Keywords: colorectal cancer, microbiome, dysbiosis, fecal microbiota transfer, postbiotics, prebiotics

1. Introduction

Cancer is the most common disease impacting individuals; it can affect one in two people in industrialized countries. Additionally, it has continued to be a burden upon societies worldwide [1]. Furthermore, the most prevalent forms of cancers are those occurring within the gastrointestinal tract [2,3]. Gastrointestinal cancers are the various cancers arising within the gastrointestinal tract or in any of its associated organs, the most prevalent of which are: the stomach, liver, pancreas, esophagus, and colorectal cancers [3]. Importantly, hepatocellular carcinoma (HCC) is believed to be one of the leading causes of cancer-induced deaths globally [4]. Furthermore, in the case of colorectal cancer (CRC), one in three people are expected not to live past five years once diagnosed [5]. Of various cancer-related mortalities, CRC is the second most common in the United States; this form of cancer may develop from the proximal colon, distal colon, or rectum. Hence, it can also be referred to as bowel cancer or rectal cancer. Interestingly, 41% of CRC develops in the proximal region of the colon, 28% in the rectum, and 22% in the distal colon [5,6,7,8]. Additionally, high rates of CRC-diseased individuals are found in New Zealand, Europe, Australia, and North America [8]. Moreover, according to the Global Cancer Observatory, 10.2% of diagnosed tumors and 9.2% of deaths were due to colorectal cancer [9]. In fact, by the year 2030, the rate of CRC incidence is predicted to increase by 60% and become a global burden [5,7,10].
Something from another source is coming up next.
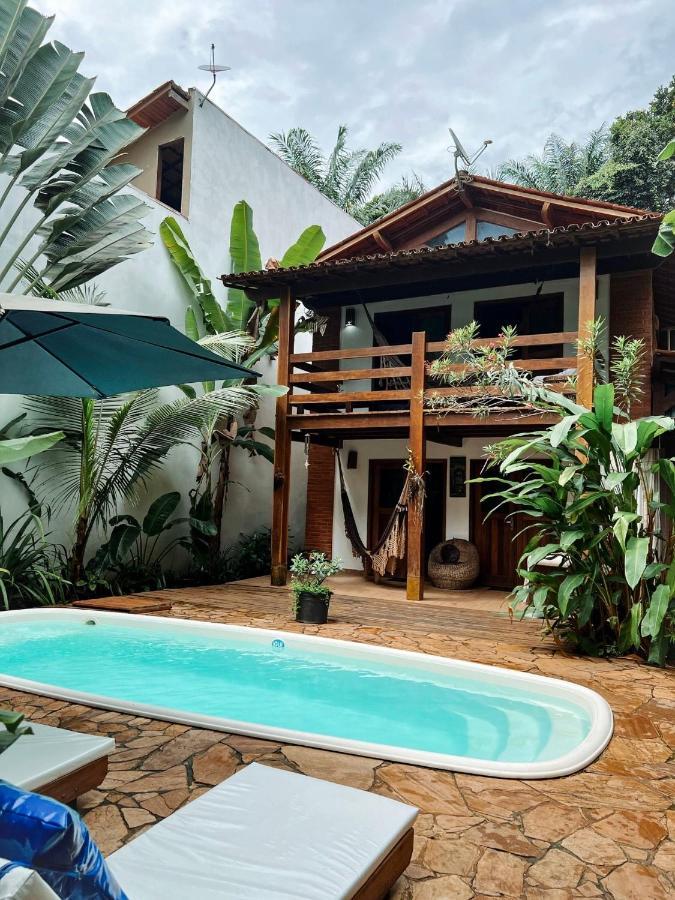 Casa Ohana Ітакаре Екстер'єр фото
One of the major complex networks in the human body is the gut, as it hosts a variety of microorganisms, including bacteria [1,11]. It is believed that an individual’s gut microbiome may impact the development of cancer; an individual with an imbalanced gut microbiome, a condition referred to as dysbiosis, may be more susceptible to the development of CRC [1,12]. Additionally, the diet maintained and the amount of alcohol consumed by an individual may alter their microbiome, thus increasing their susceptibility to CRC [13,14]. In this review, the relationship between CRC and the gut microbiome is discussed, as well as the relationship between an individual’s diet and alcohol consumption towards their risk of developing CRC. Furthermore, the alterations in the metabolites within the gut, as well as the inflammation of the gut, are elaborated on. Finally, potential treatments for CRC such as fecal microbiota transfer, postbiotics, prebiotics, and synbiotics, are discussed.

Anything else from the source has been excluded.